### TASK PROMPT
In the copy, include exactly the lines from the one with "81% iPhone12 mini 128GB ホワイト本体 SIMフリー 81%" through the end of the data and no others, both ends kept, with every picture left out.

### RECORDS FOR THE TASK
--- START ---

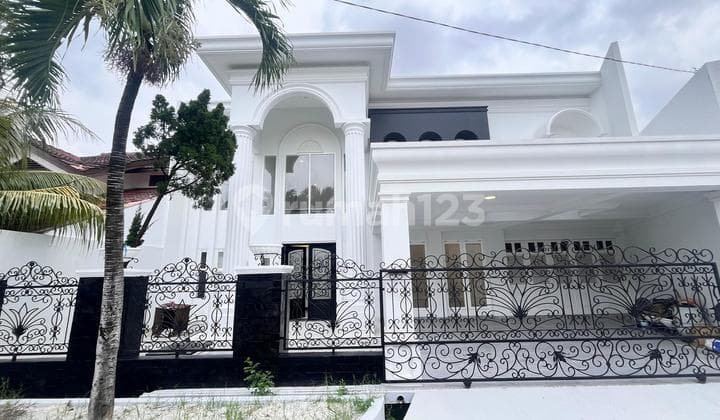 Rumah di Eramas 2000 Mewah 2 Lantai Penggilingan Jakarta Timur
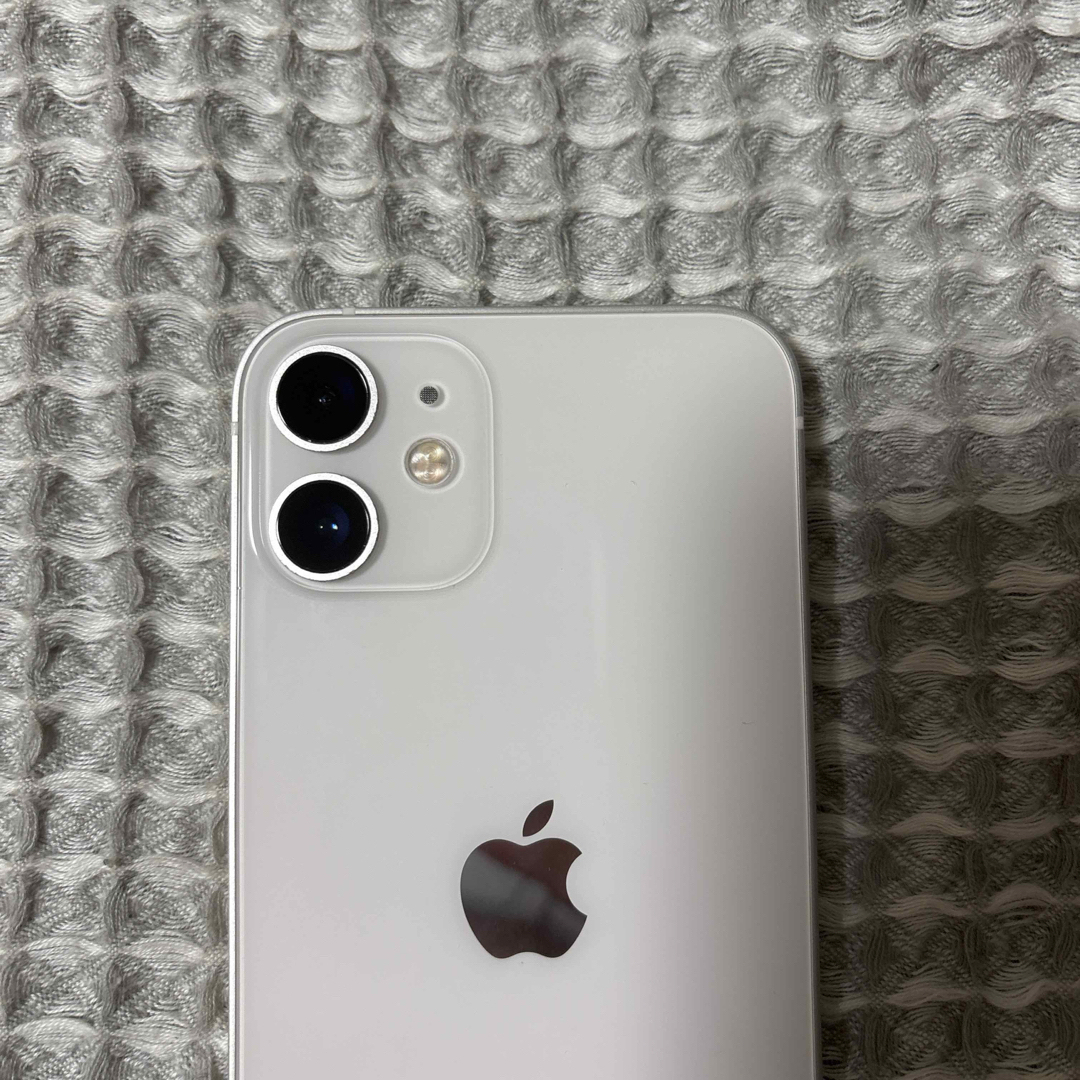 81% iPhone12 mini 128GB ホワイト本体 SIMフリー 81% iPhone12 mini 128GB ホワイト本体 SIMフリー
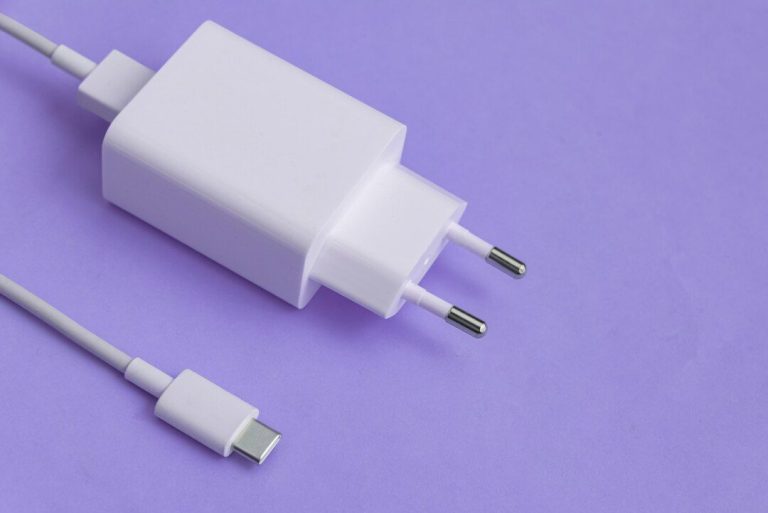 Empresa é condenada a fornecer carregador para consumidora que comprou celular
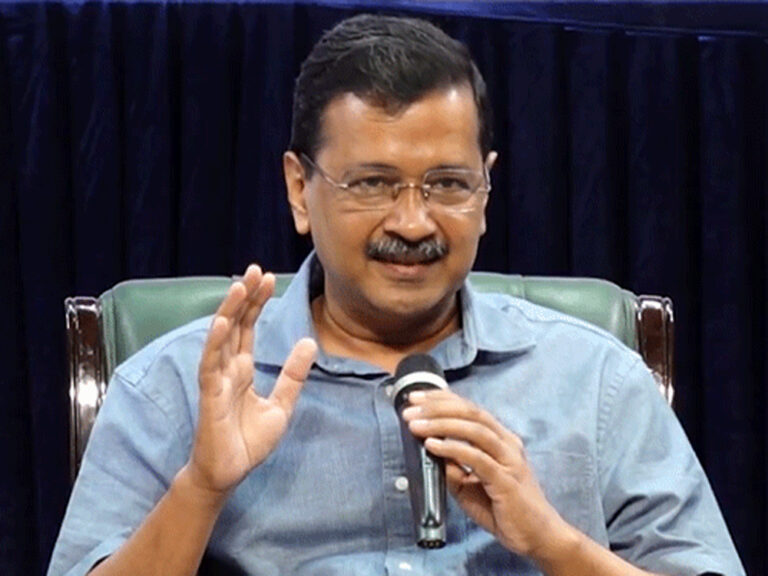 गुजरात चुनाव से पहले बड़ा दांव: केजरीवाल बोले- सरकार बनी तो महिलाओं को मिलेंगे ₹1000 हर महीने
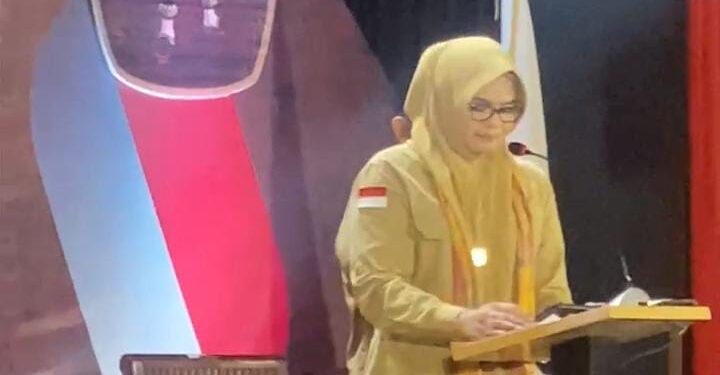 Waduh, Cabup Dillah Hikmah Sari Ketahuan Bawa HP di Panggung Debat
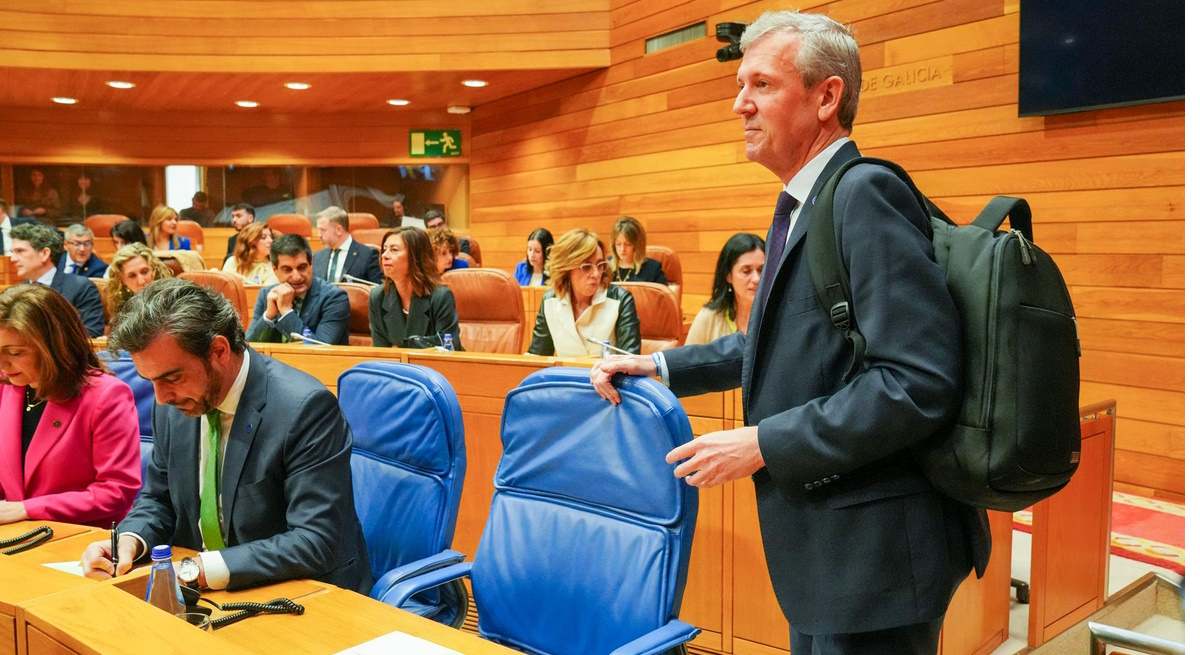 El presidente de la Xunta en funciones y líder del PPdeG, Alfonso Rueda, llega a la sesión de constitución del Parlamento de Galicia.
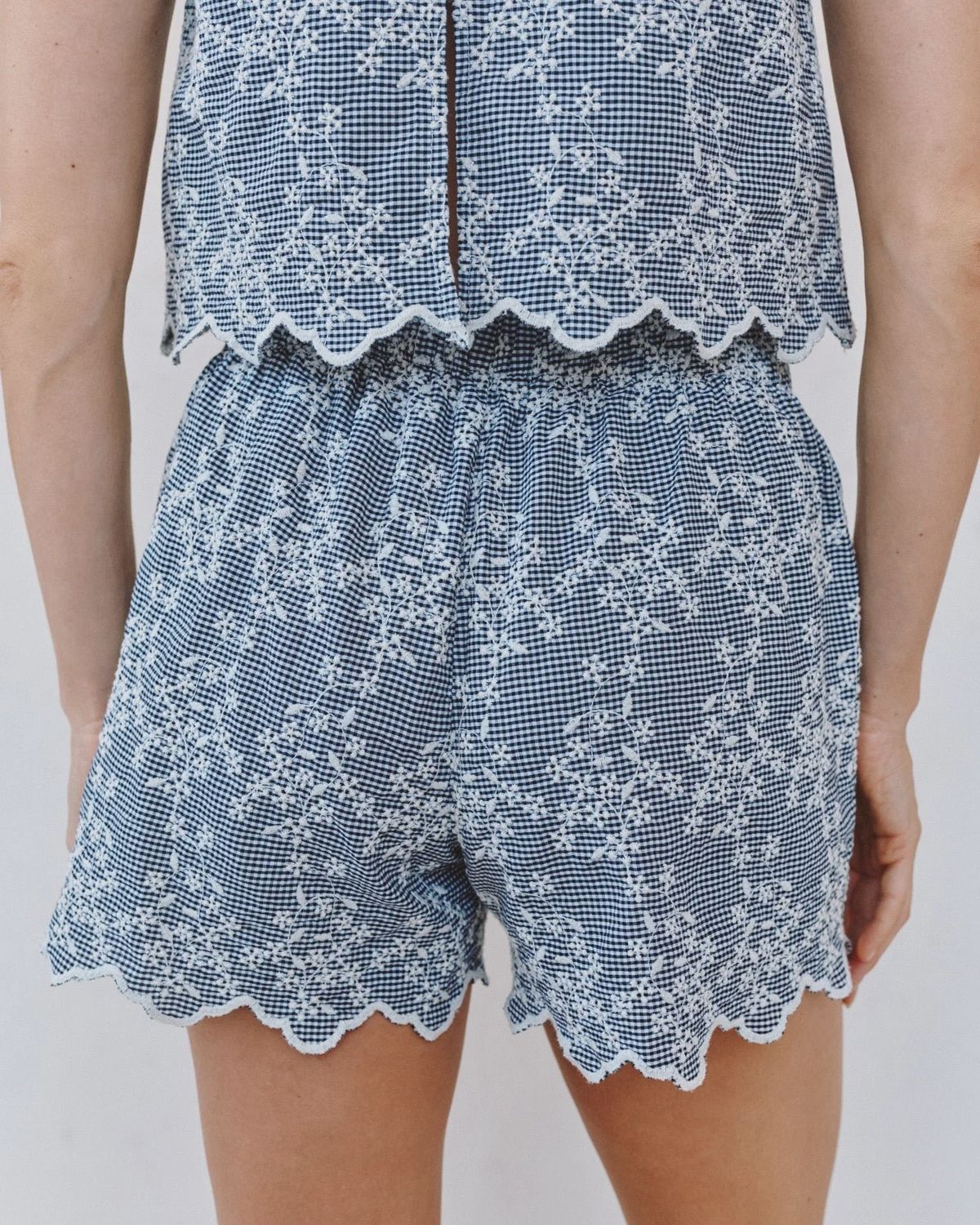 Bella Dahl - Scallop Border Catalina Short Floral Gingham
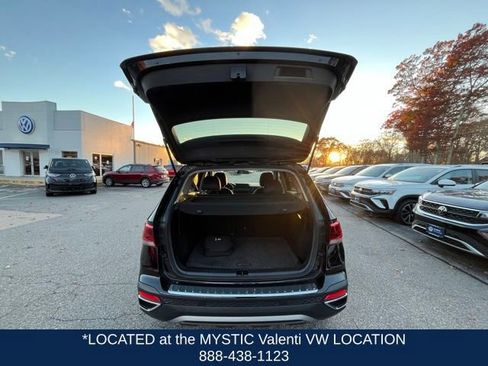 Certified 2022 Volkswagen Taos SE image 17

--- END ---

### YOUR SOLUTION
 81% iPhone12 mini 128GB ホワイト本体 SIMフリー 81% iPhone12 mini 128GB ホワイト本体 SIMフリー
 Empresa é condenada a fornecer carregador para consumidora que comprou celular
 गुजरात चुनाव से पहले बड़ा दांव: केजरीवाल बोले- सरकार बनी तो महिलाओं को मिलेंगे ₹1000 हर महीने
 Waduh, Cabup Dillah Hikmah Sari Ketahuan Bawa HP di Panggung Debat
 El presidente de la Xunta en funciones y líder del PPdeG, Alfonso Rueda, llega a la sesión de constitución del Parlamento de Galicia.
 Bella Dahl - Scallop Border Catalina Short Floral Gingham
 Certified 2022 Volkswagen Taos SE image 17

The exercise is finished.